Dataset:
━━━━━━━━
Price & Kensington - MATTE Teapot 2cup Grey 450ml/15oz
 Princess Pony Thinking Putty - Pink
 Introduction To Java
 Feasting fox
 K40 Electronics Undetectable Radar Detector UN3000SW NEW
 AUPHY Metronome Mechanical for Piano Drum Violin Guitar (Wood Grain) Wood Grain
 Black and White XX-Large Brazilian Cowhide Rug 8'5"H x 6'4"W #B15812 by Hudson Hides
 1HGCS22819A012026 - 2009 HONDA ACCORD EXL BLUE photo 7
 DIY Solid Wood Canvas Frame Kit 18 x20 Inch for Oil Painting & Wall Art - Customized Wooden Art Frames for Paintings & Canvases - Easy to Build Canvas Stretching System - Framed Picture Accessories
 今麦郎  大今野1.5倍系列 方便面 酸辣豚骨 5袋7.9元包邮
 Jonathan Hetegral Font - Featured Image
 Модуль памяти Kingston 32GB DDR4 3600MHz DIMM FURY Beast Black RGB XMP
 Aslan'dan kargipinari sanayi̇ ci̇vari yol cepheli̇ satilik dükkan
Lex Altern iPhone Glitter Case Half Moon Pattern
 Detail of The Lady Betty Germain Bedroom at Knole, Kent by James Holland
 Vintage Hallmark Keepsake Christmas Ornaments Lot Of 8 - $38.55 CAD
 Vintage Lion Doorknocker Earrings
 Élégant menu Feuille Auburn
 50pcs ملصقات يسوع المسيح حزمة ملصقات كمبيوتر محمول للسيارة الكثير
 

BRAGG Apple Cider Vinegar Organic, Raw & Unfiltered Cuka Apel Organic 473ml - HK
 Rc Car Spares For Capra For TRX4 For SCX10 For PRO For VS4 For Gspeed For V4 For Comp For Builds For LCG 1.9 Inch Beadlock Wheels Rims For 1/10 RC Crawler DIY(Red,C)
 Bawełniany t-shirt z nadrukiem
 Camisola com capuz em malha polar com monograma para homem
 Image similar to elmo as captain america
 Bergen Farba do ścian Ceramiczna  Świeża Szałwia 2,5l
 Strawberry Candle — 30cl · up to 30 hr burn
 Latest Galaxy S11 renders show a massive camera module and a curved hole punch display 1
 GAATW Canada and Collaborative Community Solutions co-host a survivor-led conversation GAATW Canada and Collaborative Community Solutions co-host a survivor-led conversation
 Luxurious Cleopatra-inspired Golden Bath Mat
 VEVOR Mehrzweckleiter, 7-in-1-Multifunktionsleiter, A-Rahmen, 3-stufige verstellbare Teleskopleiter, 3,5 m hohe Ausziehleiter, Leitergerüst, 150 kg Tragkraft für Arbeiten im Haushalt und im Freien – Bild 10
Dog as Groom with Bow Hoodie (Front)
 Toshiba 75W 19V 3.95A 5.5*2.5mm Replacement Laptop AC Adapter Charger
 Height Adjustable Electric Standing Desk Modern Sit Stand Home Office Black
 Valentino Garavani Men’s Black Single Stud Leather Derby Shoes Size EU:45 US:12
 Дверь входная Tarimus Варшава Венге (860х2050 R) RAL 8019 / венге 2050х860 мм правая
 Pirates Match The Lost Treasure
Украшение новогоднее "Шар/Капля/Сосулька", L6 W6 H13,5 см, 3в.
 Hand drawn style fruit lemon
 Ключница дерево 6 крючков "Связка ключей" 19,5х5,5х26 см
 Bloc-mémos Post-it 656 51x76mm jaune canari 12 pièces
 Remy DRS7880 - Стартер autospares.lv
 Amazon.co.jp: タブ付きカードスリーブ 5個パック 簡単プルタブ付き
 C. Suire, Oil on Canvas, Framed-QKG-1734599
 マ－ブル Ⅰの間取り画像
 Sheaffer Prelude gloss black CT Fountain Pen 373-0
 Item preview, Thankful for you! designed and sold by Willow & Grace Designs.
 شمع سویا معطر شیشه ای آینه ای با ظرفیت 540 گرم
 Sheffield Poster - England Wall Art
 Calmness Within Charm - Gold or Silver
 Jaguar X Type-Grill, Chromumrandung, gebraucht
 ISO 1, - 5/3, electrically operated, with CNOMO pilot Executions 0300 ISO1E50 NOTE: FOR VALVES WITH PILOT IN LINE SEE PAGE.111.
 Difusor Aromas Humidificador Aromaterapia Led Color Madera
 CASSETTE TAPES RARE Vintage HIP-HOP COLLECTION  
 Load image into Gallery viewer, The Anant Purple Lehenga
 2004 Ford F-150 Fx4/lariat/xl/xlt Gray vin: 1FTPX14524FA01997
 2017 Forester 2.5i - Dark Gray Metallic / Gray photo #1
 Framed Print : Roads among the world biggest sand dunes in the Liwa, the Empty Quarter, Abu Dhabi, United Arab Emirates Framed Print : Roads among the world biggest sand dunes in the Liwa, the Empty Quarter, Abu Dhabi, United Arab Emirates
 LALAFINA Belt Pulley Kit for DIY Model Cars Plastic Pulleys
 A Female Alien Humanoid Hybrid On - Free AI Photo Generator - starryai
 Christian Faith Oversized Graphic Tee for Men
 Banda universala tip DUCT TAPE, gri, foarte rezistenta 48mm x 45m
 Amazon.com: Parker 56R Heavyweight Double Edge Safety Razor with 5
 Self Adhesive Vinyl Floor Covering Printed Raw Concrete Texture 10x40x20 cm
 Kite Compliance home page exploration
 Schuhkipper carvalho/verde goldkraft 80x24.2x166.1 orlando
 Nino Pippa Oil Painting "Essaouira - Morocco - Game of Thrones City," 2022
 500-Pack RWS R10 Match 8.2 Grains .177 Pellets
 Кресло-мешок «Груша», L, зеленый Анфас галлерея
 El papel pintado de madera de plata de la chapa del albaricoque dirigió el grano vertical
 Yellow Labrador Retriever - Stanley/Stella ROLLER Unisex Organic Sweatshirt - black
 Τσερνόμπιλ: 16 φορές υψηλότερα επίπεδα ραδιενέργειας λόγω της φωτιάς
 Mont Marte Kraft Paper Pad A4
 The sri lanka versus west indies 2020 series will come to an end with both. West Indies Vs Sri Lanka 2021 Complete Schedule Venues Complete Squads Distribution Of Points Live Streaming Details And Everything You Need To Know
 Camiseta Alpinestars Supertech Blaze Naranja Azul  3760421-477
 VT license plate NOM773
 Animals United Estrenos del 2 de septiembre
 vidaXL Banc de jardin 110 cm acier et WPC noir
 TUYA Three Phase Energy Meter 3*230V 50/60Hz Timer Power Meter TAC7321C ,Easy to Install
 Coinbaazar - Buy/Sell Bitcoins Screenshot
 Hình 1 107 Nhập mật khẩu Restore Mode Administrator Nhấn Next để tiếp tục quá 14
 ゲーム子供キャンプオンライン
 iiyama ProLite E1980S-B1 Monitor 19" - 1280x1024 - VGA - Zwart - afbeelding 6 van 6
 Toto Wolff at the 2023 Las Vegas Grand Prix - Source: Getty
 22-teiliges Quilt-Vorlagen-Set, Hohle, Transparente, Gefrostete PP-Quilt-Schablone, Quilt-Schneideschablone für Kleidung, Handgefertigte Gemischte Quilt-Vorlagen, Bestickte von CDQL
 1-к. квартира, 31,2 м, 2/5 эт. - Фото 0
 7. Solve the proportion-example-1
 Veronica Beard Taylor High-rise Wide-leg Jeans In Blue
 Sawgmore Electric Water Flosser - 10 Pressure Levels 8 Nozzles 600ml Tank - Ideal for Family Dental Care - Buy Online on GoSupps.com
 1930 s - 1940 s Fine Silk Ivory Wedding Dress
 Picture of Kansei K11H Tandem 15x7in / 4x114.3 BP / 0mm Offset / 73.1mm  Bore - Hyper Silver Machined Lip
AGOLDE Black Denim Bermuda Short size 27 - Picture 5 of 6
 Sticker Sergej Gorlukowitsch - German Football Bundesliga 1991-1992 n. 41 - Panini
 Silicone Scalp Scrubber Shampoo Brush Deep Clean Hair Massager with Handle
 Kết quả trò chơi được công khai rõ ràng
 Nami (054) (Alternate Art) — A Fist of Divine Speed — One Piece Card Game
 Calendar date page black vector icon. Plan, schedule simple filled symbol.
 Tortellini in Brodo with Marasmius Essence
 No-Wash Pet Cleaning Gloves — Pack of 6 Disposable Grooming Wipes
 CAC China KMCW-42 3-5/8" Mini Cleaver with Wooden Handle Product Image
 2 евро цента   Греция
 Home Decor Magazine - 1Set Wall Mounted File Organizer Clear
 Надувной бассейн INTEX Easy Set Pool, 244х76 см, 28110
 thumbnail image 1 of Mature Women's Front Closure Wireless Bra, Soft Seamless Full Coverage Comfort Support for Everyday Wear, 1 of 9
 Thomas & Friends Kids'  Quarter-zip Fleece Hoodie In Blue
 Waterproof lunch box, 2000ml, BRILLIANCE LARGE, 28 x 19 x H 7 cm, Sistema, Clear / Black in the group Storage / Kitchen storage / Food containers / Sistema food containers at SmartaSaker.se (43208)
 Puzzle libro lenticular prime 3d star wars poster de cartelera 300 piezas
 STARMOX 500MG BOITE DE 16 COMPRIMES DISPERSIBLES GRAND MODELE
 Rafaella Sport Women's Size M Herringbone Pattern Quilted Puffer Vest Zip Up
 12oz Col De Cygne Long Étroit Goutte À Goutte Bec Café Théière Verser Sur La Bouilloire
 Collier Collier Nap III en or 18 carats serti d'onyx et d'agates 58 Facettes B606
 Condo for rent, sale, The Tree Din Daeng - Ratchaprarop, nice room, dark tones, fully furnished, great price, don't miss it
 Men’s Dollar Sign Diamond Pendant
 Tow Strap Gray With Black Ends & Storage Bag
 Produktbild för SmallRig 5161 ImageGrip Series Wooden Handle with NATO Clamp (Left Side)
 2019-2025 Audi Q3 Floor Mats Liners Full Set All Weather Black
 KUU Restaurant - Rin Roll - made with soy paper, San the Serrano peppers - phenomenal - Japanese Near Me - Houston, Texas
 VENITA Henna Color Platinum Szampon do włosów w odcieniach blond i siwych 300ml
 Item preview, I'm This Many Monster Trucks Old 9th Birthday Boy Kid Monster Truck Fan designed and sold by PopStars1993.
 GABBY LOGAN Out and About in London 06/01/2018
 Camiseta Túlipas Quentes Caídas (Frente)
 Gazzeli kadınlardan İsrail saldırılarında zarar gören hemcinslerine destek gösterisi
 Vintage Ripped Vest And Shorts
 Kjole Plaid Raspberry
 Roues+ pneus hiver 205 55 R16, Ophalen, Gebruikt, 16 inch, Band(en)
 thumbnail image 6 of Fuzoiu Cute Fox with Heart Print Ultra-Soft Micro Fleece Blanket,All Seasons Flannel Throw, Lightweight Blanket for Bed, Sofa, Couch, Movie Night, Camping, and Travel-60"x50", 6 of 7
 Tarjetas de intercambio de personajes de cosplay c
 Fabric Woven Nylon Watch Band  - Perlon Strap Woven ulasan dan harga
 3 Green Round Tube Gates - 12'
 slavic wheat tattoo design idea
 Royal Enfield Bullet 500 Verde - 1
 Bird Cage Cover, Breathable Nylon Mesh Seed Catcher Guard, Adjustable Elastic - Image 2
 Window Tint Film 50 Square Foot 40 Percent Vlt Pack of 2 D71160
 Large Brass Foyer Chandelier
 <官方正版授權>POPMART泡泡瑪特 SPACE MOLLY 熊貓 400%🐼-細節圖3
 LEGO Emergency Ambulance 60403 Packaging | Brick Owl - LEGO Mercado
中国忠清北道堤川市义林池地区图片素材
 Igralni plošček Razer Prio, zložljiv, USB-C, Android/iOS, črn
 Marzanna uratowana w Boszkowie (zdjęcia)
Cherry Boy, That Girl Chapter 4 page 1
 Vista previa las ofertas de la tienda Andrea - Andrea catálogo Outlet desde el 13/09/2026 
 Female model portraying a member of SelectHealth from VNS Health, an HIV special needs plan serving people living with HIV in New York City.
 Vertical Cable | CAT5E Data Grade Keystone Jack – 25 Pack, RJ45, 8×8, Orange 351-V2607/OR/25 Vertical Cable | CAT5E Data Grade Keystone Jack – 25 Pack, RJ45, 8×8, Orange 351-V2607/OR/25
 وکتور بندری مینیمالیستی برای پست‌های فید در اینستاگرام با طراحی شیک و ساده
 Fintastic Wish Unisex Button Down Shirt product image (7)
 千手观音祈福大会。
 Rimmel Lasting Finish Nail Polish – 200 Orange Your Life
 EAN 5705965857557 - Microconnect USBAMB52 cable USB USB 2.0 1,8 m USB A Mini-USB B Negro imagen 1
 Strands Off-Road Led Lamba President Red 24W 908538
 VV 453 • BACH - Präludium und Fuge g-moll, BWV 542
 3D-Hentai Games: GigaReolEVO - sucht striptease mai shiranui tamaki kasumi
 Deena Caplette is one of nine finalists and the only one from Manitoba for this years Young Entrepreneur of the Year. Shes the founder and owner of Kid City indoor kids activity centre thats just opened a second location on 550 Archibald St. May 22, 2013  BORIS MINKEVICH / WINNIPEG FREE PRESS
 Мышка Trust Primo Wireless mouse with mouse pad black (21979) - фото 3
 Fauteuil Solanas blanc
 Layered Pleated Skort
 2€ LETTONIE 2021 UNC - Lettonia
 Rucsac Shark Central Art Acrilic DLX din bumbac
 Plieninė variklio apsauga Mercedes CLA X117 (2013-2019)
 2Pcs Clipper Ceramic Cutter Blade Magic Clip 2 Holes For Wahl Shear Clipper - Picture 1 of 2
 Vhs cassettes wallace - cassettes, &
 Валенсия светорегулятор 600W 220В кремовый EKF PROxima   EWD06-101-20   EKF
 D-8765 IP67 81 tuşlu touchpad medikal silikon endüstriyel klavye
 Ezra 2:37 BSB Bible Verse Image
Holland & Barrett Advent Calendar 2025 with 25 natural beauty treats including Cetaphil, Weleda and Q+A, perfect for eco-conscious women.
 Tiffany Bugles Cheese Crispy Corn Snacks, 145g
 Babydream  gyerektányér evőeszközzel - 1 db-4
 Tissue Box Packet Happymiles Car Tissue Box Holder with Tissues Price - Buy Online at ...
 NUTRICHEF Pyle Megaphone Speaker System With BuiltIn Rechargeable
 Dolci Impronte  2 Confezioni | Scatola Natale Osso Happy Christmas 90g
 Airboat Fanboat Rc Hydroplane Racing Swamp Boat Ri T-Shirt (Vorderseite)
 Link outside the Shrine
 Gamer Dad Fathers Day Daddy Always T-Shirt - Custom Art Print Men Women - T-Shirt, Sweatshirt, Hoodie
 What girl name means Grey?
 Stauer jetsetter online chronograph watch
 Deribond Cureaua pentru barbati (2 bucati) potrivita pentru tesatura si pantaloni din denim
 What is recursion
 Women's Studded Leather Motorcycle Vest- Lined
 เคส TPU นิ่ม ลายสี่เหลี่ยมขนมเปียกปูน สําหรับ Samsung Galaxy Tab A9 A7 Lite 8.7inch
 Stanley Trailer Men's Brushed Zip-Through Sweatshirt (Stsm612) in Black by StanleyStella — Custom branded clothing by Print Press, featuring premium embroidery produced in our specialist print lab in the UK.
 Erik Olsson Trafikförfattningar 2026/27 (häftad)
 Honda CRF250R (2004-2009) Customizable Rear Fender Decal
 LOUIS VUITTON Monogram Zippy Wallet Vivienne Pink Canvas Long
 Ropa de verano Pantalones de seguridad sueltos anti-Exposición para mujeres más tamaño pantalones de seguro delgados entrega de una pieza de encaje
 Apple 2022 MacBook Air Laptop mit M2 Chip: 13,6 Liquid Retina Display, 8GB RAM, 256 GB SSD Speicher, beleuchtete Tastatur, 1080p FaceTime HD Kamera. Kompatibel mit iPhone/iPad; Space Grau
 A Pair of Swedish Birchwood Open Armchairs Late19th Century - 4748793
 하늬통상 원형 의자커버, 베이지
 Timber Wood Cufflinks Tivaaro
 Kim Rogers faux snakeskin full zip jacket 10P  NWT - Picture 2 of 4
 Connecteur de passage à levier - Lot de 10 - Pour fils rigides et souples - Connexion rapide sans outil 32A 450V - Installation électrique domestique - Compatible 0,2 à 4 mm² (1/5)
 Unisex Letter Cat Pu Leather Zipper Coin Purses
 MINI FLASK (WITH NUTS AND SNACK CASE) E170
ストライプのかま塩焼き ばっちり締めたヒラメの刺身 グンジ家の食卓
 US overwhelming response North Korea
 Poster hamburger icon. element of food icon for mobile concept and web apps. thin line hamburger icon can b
━━━━━━━━
Task description: Nothing but the lines from the start of the data above through the line with "Vintage Lion Doorknocker Earrings" should appear in your answer, copied exactly.

Task response:
Price & Kensington - MATTE Teapot 2cup Grey 450ml/15oz
 Princess Pony Thinking Putty - Pink
 Introduction To Java
 Feasting fox
 K40 Electronics Undetectable Radar Detector UN3000SW NEW
 AUPHY Metronome Mechanical for Piano Drum Violin Guitar (Wood Grain) Wood Grain
 Black and White XX-Large Brazilian Cowhide Rug 8'5"H x 6'4"W #B15812 by Hudson Hides
 1HGCS22819A012026 - 2009 HONDA ACCORD EXL BLUE photo 7
 DIY Solid Wood Canvas Frame Kit 18 x20 Inch for Oil Painting & Wall Art - Customized Wooden Art Frames for Paintings & Canvases - Easy to Build Canvas Stretching System - Framed Picture Accessories
 今麦郎  大今野1.5倍系列 方便面 酸辣豚骨 5袋7.9元包邮
 Jonathan Hetegral Font - Featured Image
 Модуль памяти Kingston 32GB DDR4 3600MHz DIMM FURY Beast Black RGB XMP
 Aslan'dan kargipinari sanayi̇ ci̇vari yol cepheli̇ satilik dükkan
Lex Altern iPhone Glitter Case Half Moon Pattern
 Detail of The Lady Betty Germain Bedroom at Knole, Kent by James Holland
 Vintage Hallmark Keepsake Christmas Ornaments Lot Of 8 - $38.55 CAD
 Vintage Lion Doorknocker Earrings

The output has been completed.